On examination, vital signs were normal; the patient was alert, oriented, attentive, and fluent with no memory disturbance. Cranial nerves revealed symmetric, reactive pupils, full extraocular movements, facial strength, and no fatigable ptosis. Muscle bulk and tone were normal without fasciculations. Neck strength was full, with variable moderate weakness in shoulder and hip girdles, slightly worse with repetition. Deep tendon reflexes were absent except biceps and patella, which were reduced but present. Sensation and coordination were unremarkable.
Questions for Consideration:
What is the differential diagnosis for progressive weakness without sensory loss?
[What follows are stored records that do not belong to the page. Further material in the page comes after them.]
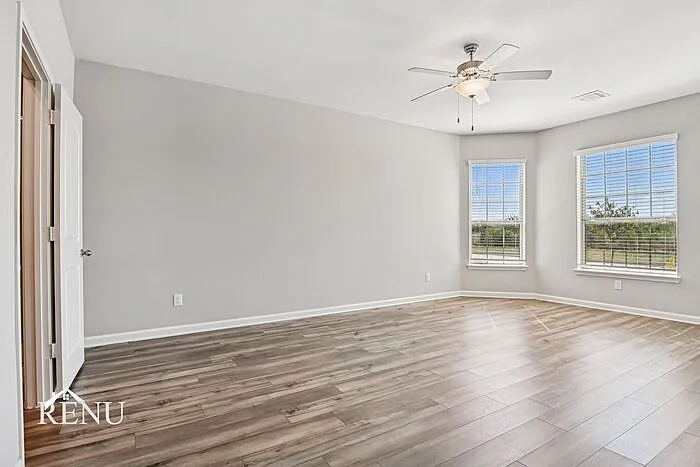 1040 Wheatfield Ln — Photo 29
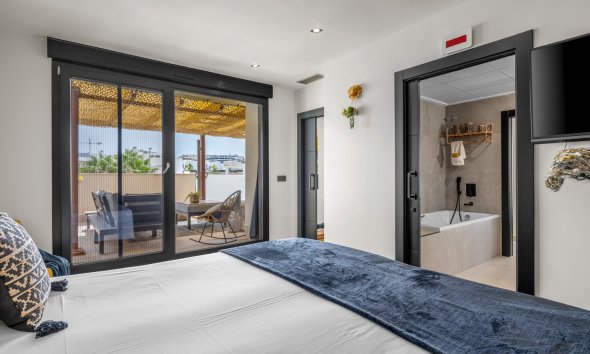 Resale - Villa / House - Benijofar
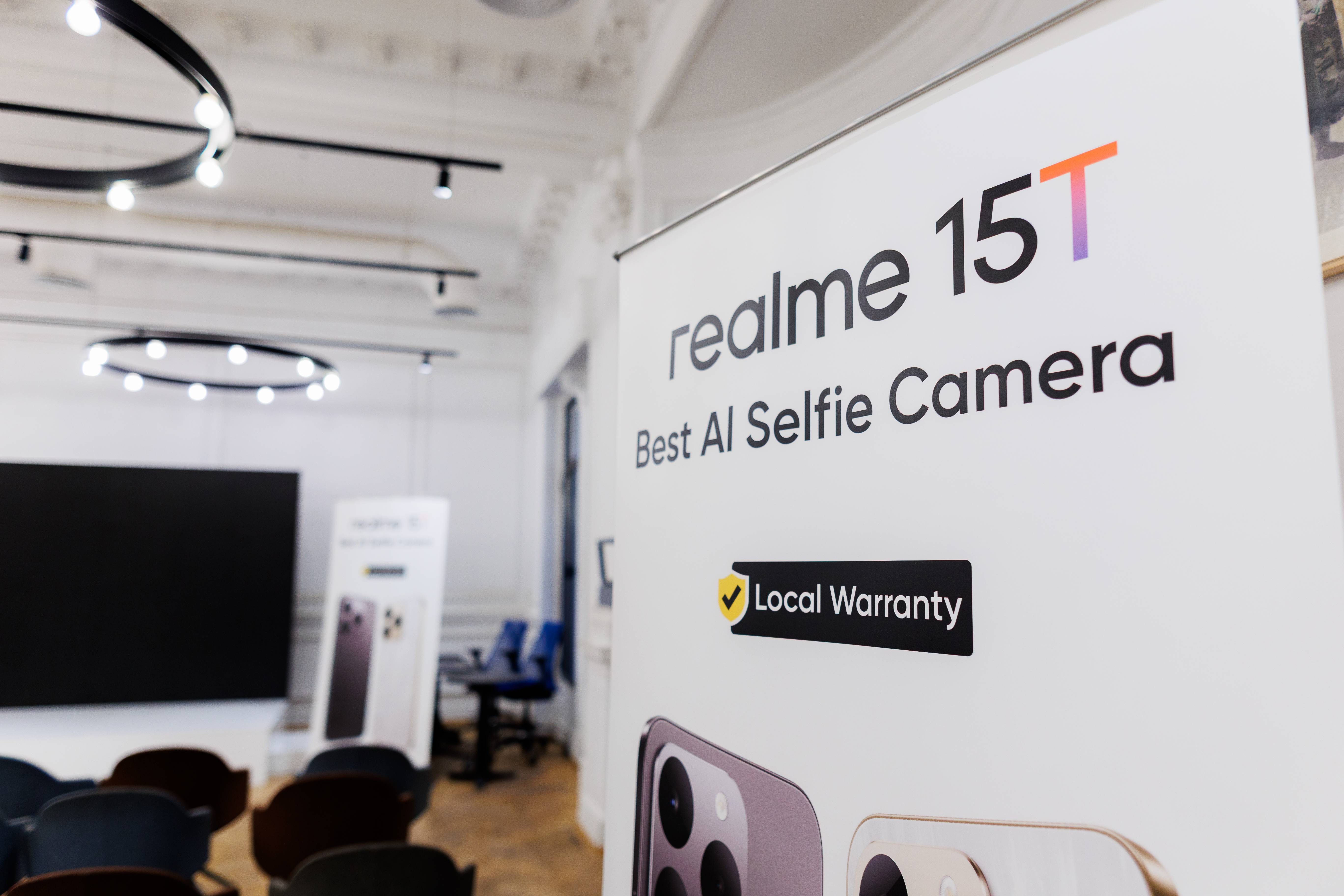 15T Be The Selfie Star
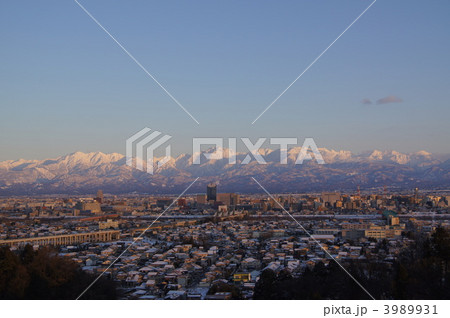 夕方の立山連峰と富山市街 3989931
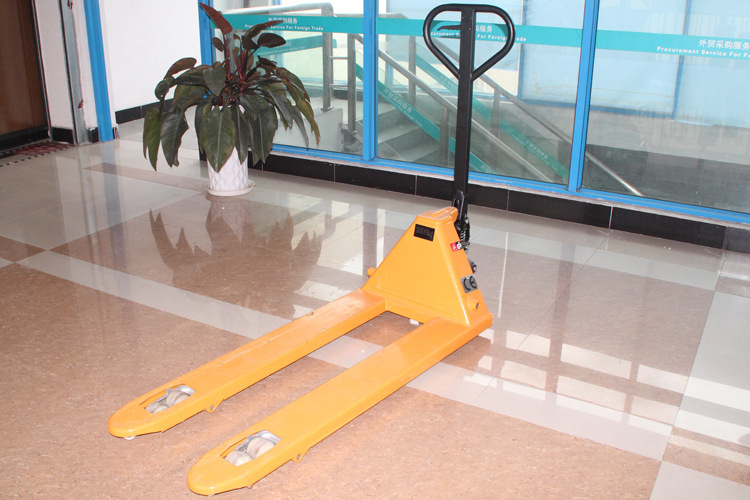 Heli manual hydraulic forklift, Zhuoyi forklift, manual forklift, lightweight and durable warehousing and logistics equipment details Picture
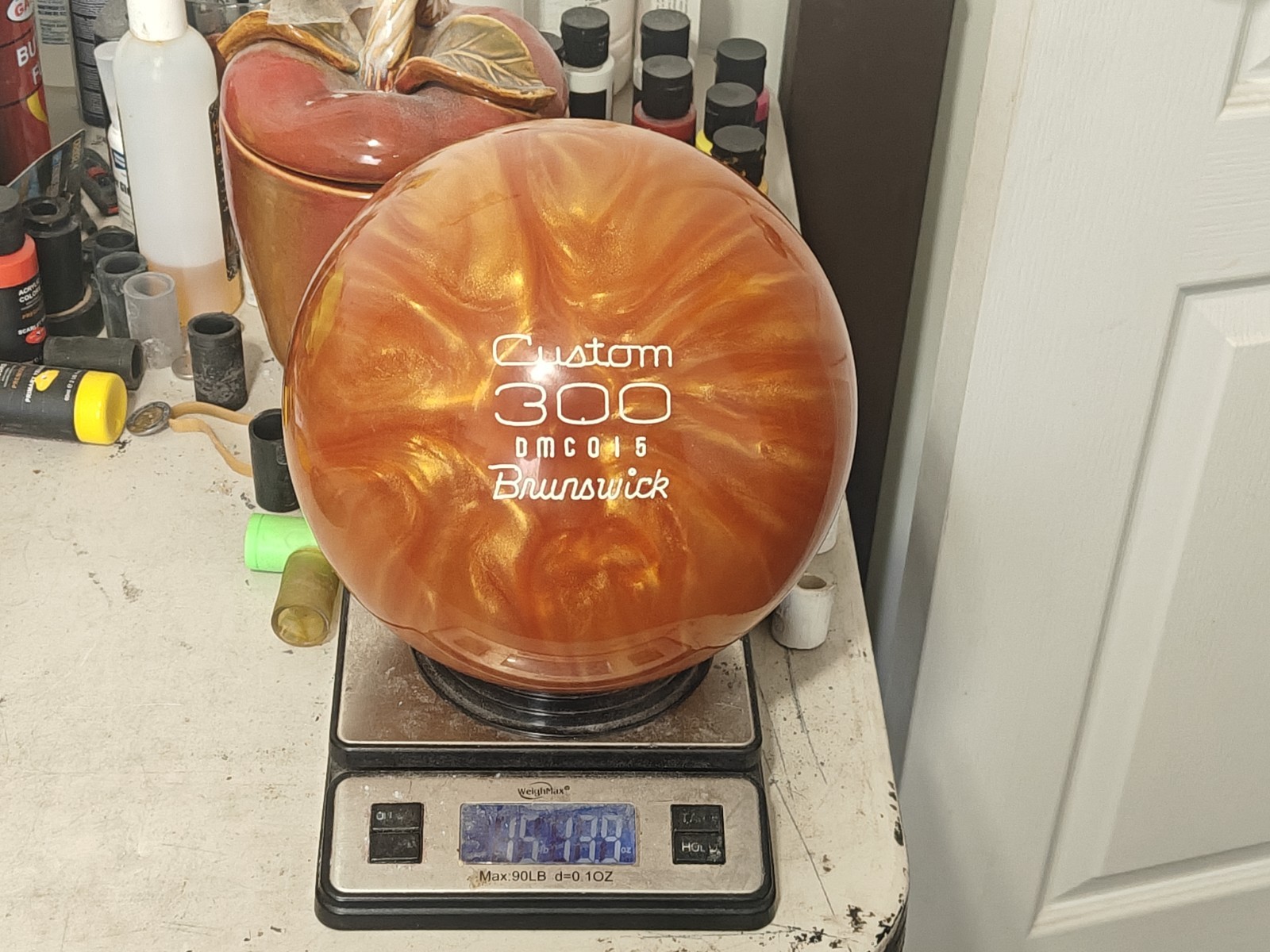 16lb NNB Brunswick Custom 300 Bowling Ball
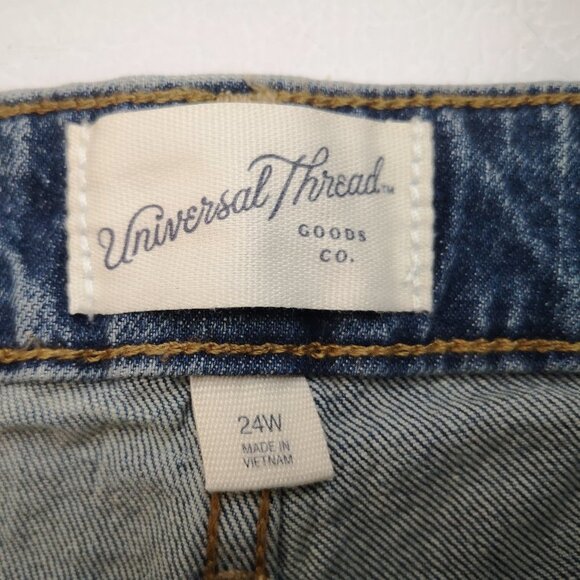 NWT Universal Thread Ladies Size 24W Medium Wash High Rise A-line Jean Shorts - Picture 3 of 16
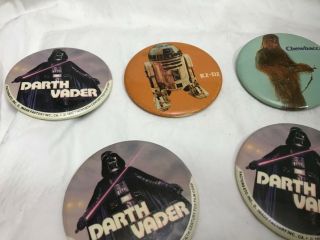1977 vintage star wars buttons darth Vader like skywalker Chewbacca r2 - d2 c3po 2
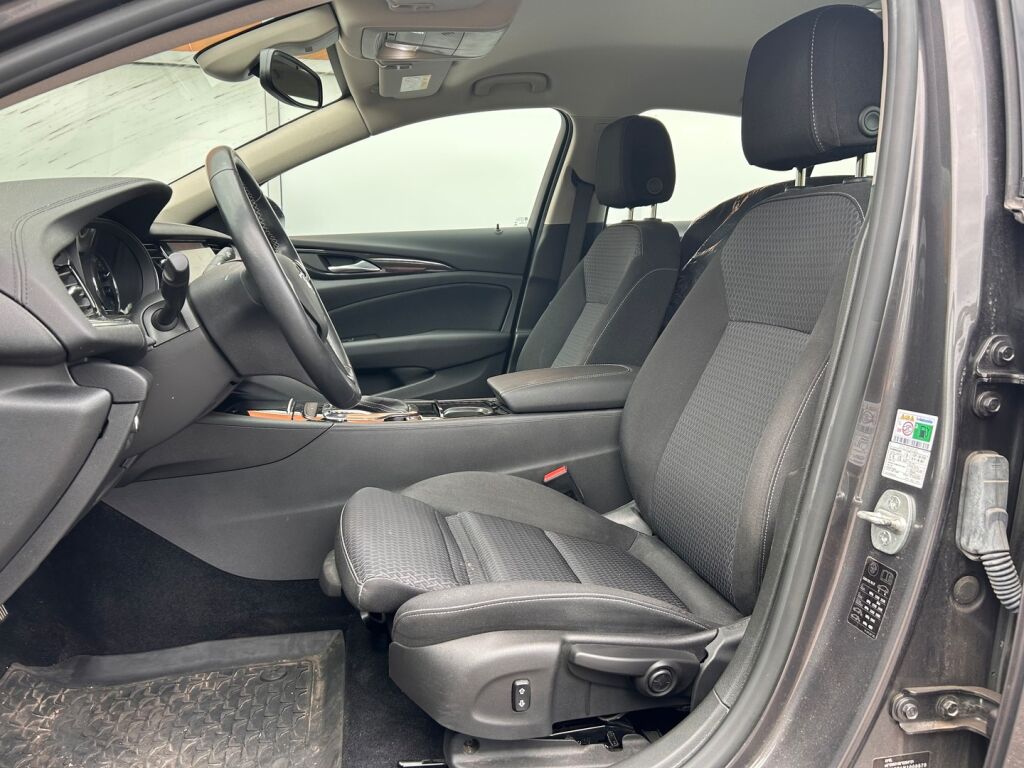 Opel Insignia 2023 Grand Sport Innovation Plus 175 D Turbo A / HUD / BLIS / Matrix / Webasto / Vetokoukku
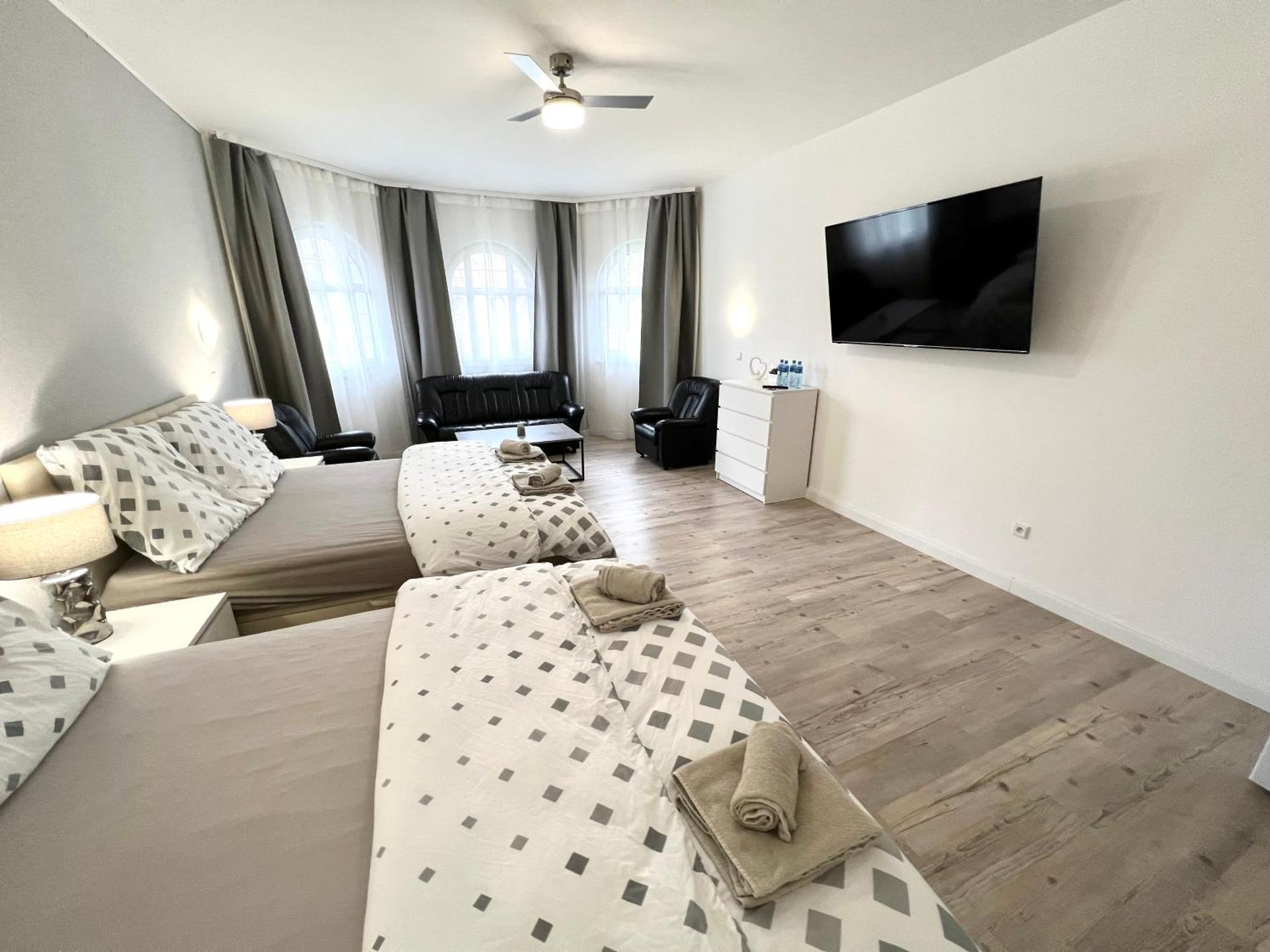 GrandLux Villa & Spa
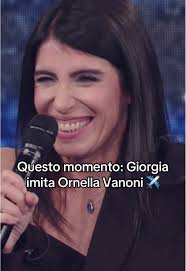 Giorgia imita Ornella Vanoni a CTCF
What clinical tests and investigations would you consider?
Section 2
The patient presents with subacute painless, proximal, symmetric weakness over 4 weeks, with possible fatigability, importantly without craniobulbar or sensory abnormalities, and reflexes are reduced or absent. Main considerations include muscle or neuromuscular junction disorders. Motor neuropathy including acute motor axonal neuropathy and multifocal motor neuropathy with conduction block, as well as motor neuron disease such as primary muscular atrophy, are unlikely without reduced tone or fasciculations. Amyotrophic lateral sclerosis is unlikely without bulbar or upper motor neuron signs. Lack of sensory symptoms makes polyradiculopathy and peripheral neuropathy unlikely, as well as spinal cord disease without sphincter dysfunction or upper motor neuron signs; notable exceptions include acute flaccid myelitis from poliovirus, nonpolio enteroviruses, and West Nile virus. This patient had no recent travel or infectious prodrome. There were no corticobulbar signs or encephalopathy to suggest other central processes.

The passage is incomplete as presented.